Data Management (Data storage and transfer, filesystems, open data, data management plan)

Europe/Brussels
Shanon (Building Maxwell, first floor) (Louvain-La-Neuve)

Shanon (Building Maxwell, first floor)

Louvain-La-Neuve

Place du Levant 3 1348 Louvain-la-Neuve Belgium
Description
All HPC program will produce or consume data at a point or another.
Where to write/store those data during and after your program is finished is important both in term of efficiency and in term of data preservation (which is important due to the growing relevance of Open Science)

Contents:

  • Introduction to data storage and access
  • Efficient data storage on CECI clusters
  • Open Science and Open Research Data / Data Management Plan

Prerequisite: None

Type: presentation, discussions and hands on


Must: This session is a must have for researchers concerned by the dissemination of research results and by their impact.

Registration
Registration
16 / 50
    • 09:30 10:45
      Introduction to data storage and access 1h 15m

      Storing data in an efficient way is very important for many scientific applications. Yet, most of the time, a myriad of small files is used, imposing a large burdun on the file system, spending a lot of time in file access, making transfers very inefficients, etc. Other solutions exist and are presented in this session.

      Contents:

      • Storing in files vs in database
      • Using an in-memory database
      • Using HDF5 CLI tools and libraries

      Prerequisite:

      • Being able to use SSH with private keys 
      • Being familiar with a text editor 
      • Mastering the Linux command line and the GNU utilities (mkdir, cp, scp, etc.)
      • Passive knowledge of either C, Fortran, Octave, Python or R
      • Working knowledge of C or Fortran
      • Familiarity with OpenMP and MPI

      Type: Hands-on
      Target audience: Everyone
      Must: This session is a must-have for anyone who thinks generating a million small files is an optimal way of storing data.

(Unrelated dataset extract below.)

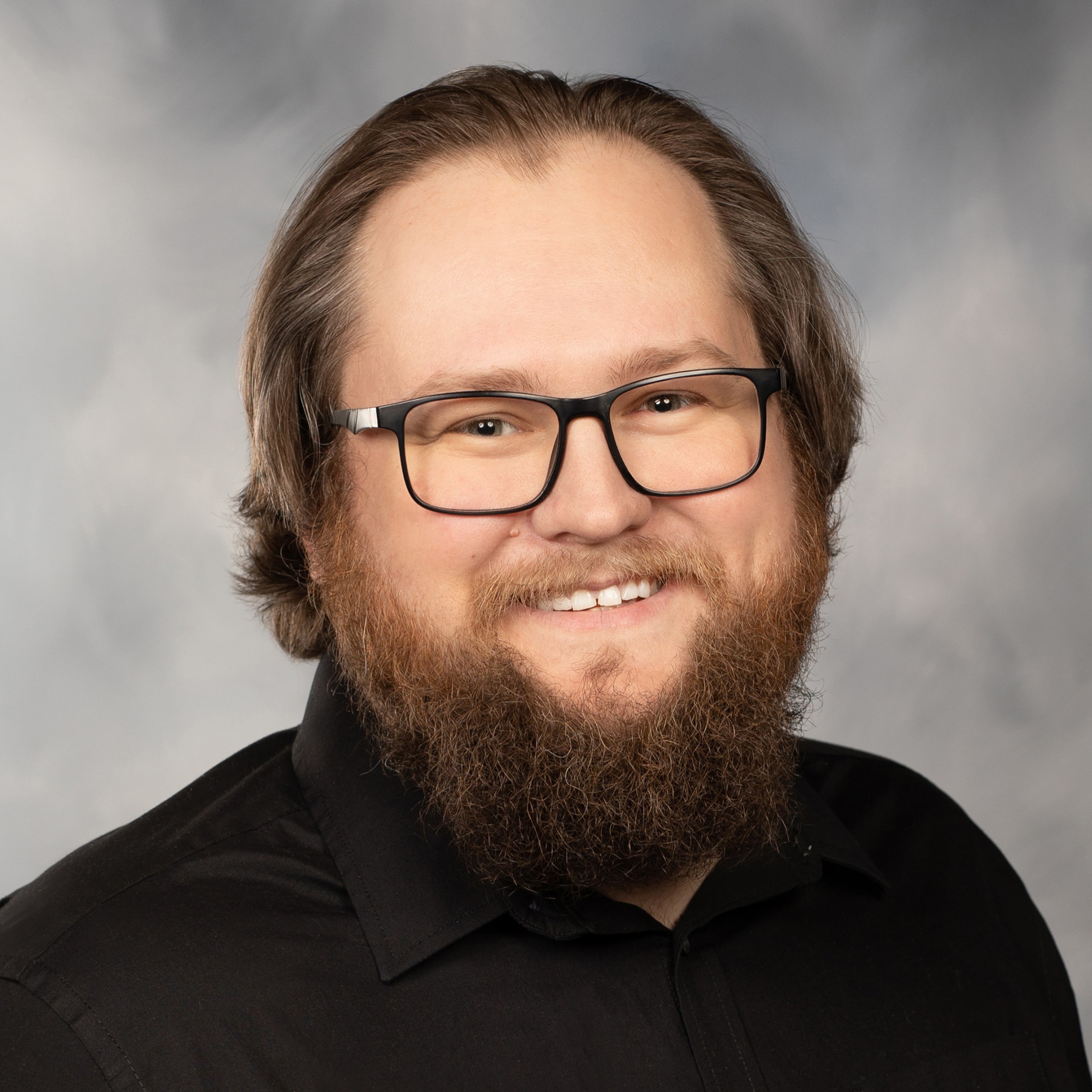 Mat Hamaker State Farm Agent Team Member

      Speaker: Damien François (UCLouvain/CISM)
    • 11:00 12:45
      Efficient data storage on CECI clusters 1h 45m

      The CECI clusters are equipped with different storage solutions that you can use for managing your data.
      Each of them have different properties such as capacity, I/O performance, accessibility and data longevity as they are meant for different usages.
      In this presentation we will go through the different options we have on the clusters and explain how to organize your workflows to make an efficient and practical use of them.

      Contents:

      • Storage solutions on the CECI clusters
         
      • CECI environment variables for data location
      • Data operations inside Slurm batch scripts

      Prerequisite:

      • Being able to login to cluster 
      • Being familiar with a text editor 
      • Being able to submit jobs with Slurm
      • Mastering the Linux command line and the GNU utilities (mkdir, cp, scp, etc.)

      Type: Hands-on
      Target audience: Everyone
      Must: This session is a must-have for anyone who doesn't know where $HOME, $WORKDIR, $GLOBALSCRATCH, $LOCALSCRATCH or $CECIHOME points to.

      Speaker: Ariel Lozano (ULB)
    • 14:00 16:00
      Open Science and Open Research Data / Data Management Plan 2h

      The growing relevance of Open Science poses challenges to research practices. Open Research Data, which aims to provide free access to research data in order to ensure the reproducibility of scientific results, is one important aspect of Open Science. Research Data Management (RDM), on its side, addresses the entire life cycle of data, covering planning, collection, management, storage, publication, referencing, preservation and sharing of research data, as well as access and reuse rights.

      This seminar addresses concerns of openness, covers the integration of open Data/FAIR Data into research data management principles as well as practical aspects such as the publication of data in repositories.

      Speaker: Jonathan Dedonder (IACCHOS)